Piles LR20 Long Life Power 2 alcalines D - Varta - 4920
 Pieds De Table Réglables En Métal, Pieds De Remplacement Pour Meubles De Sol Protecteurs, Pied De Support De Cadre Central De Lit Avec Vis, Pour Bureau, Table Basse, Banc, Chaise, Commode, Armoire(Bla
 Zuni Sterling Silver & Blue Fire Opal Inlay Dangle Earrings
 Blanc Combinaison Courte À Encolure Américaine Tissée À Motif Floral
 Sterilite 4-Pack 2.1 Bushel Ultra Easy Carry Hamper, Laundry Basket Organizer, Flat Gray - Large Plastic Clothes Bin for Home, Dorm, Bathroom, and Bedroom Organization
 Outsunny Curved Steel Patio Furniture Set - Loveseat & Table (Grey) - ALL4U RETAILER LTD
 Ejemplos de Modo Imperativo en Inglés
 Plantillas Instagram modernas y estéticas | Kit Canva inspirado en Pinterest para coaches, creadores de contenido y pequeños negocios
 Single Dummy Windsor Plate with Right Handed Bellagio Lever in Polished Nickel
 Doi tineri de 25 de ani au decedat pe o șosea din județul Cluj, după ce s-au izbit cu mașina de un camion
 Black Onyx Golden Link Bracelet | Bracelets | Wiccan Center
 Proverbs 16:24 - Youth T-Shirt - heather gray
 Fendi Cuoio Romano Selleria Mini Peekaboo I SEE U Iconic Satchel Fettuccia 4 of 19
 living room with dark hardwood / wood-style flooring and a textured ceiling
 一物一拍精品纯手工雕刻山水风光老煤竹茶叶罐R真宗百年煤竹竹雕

:::

What you will do
Take from the material every line that holds "Table".

Result for this task
 Pieds De Table Réglables En Métal, Pieds De Remplacement Pour Meubles De Sol Protecteurs, Pied De Support De Cadre Central De Lit Avec Vis, Pour Bureau, Table Basse, Banc, Chaise, Commode, Armoire(Bla
 Outsunny Curved Steel Patio Furniture Set - Loveseat & Table (Grey) - ALL4U RETAILER LTD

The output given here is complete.